### What this task involves
The expected output is an exact copy of each line from the line with "Burbujas de jabón: ¿Por" through the end of the data below, with no pictures in it.

### Supplied data
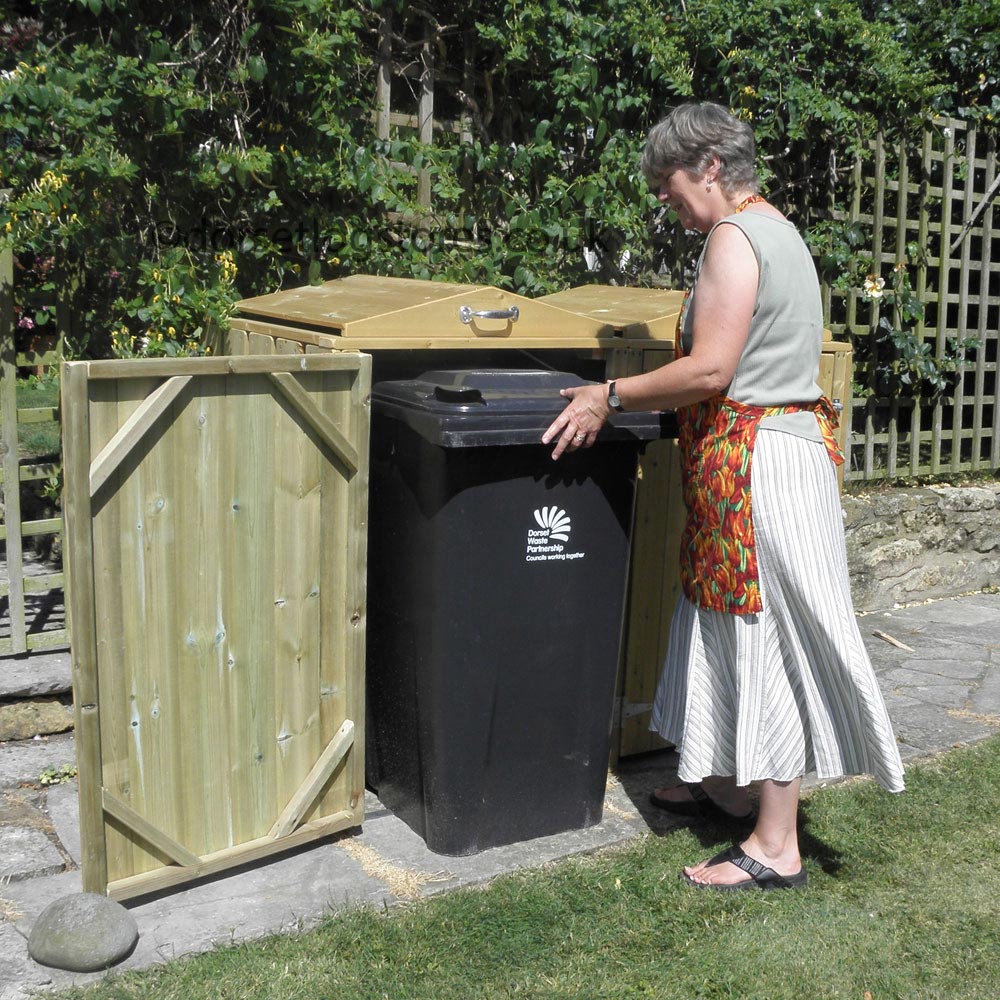 Taking the Wheelie Bin out of the store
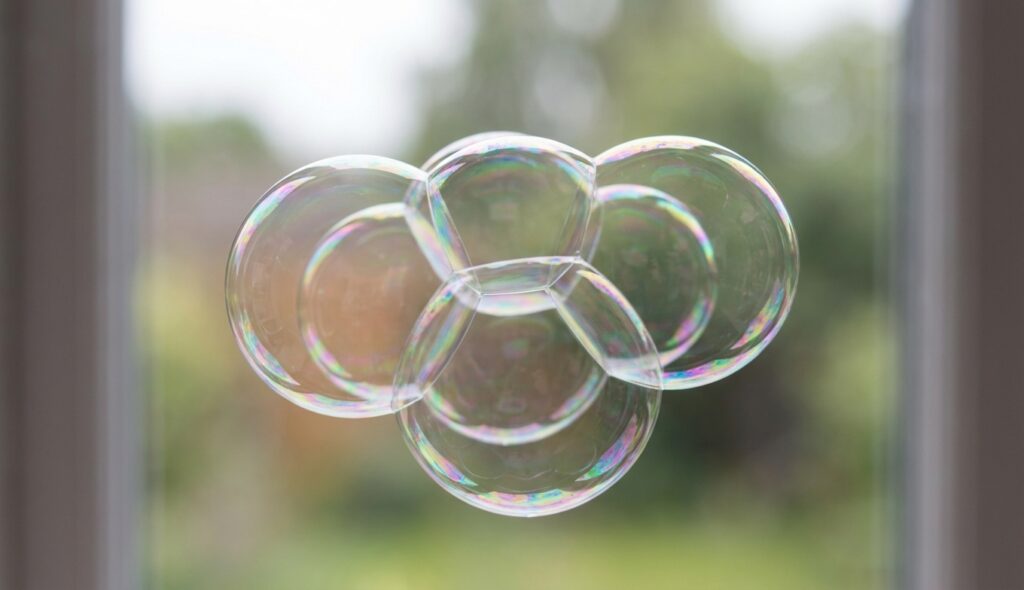 Burbujas de jabón: ¿Por qué siempre son esferas perfectas? 6 Conjunto de burbujas de jabón unidas mostrando geometría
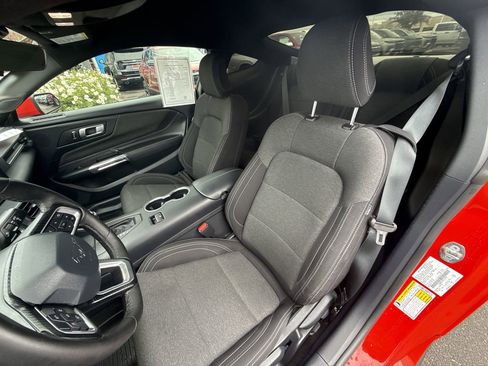 Used 2024 Ford Mustang Coupe image 17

### Problem solution
 Burbujas de jabón: ¿Por qué siempre son esferas perfectas? 6 Conjunto de burbujas de jabón unidas mostrando geometría
 Used 2024 Ford Mustang Coupe image 17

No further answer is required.